Hannes Erdmann (München / DE), Florentine Scharf (München / DE), Dr. Stefanie Gehling (München / DE), Dr. Anna Benet-Pagès (Neuherberg / DE; München / DE), Dr. Sybille Jakubiczka (Magdeburg / DE), Dr. Kerstin Becker (München / DE), Dr. Maria Seipelt (Marburg / DE), Dr. med Felix Kleefeld (Berlin / DE), Dr. Karl Christian Knop (Hamburg / DE), Dr. Eva-Christina Prott (Wuppertal / DE), Dr. Miriam Hiebeler (München / DE), Dr. Federica Montagnese (München / DE), Dr. Dieter Gläser (Neu-Ulm / DE), Prof. Dr. Matthias Vorgerd (Bochum / DE), Univ.-Prof. Dr. med. Tim Hagenacker (Essen / DE), Prof. Dr. Maggie C. Walter (München / DE), Priv.-Doz. Dr. med. Peter Reilich (München / DE), Dr. Teresa Neuhann (München / DE), Prof. Dr. Martin Zenker (Magdeburg / DE), Prof. Dr. Elke Holinski-Feder (München / DE), Prof. Dr. med. Benedikt Schoser (München / DE), Prof. Dr. Angela Abicht (München / DE)

Abstract

Abstract-Text (inkl. Referenzen)

Genetic diagnosis of facioscapulohumeral muscular dystrophy (FSHD) remains a challenge in clinical practice due to incomplete penetrance and epistatic effects of the underlying genetic parameters, which also hinders prediction of clinical severity. We implemented a high-throughput methylation profile analysis for the diagnosis of FSHD based on determining the global methylation level of the D4Z4 repeat array and the regional methylation of the most distal repeat unit by combining bisulfite conversion with next-generation sequencing (NGS) and a bioinformatics pipeline. We analyzed a cohort of 148 patients with FSHD phenotype and compared the epigenetic parameters to genetic ones of conventional genetic testing. In addition, we studied the correlation of distal methylation level with age-corrected clinical severity and age at disease onset in FSHD patients.

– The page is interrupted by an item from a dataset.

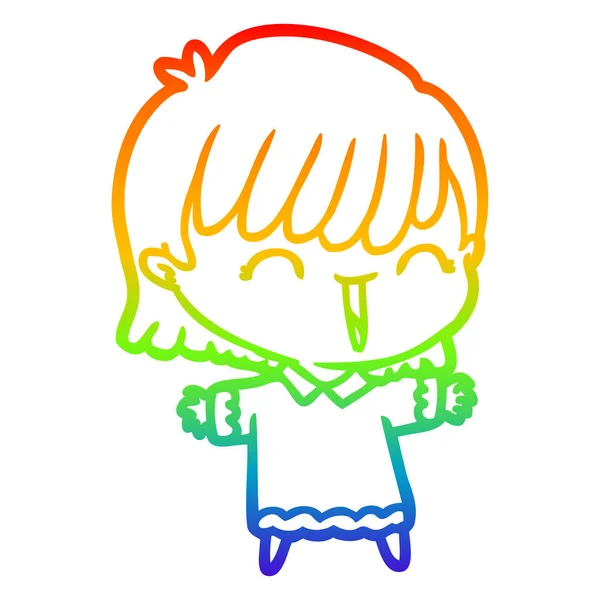 Regenboog gradiënt lijntekening cartoon vrouw — Stockvector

Our study shows that methylation profiles are reliable parameters for the diagnosis of FSHD, allowing discrimination between FSHD patients and healthy individuals, while simultaneously distinguishing FSHD1 and FSHD2. The strong correlation observed between methylation level and age-corrected clinical severity indicates that the methylation level can serve as a biomarker for disease severity and as a prognostic marker. Our findings indicate that epigenetic parameters rather than genetic parameters represent FSHD disease status and may serve as a valuable biomarker for disease status.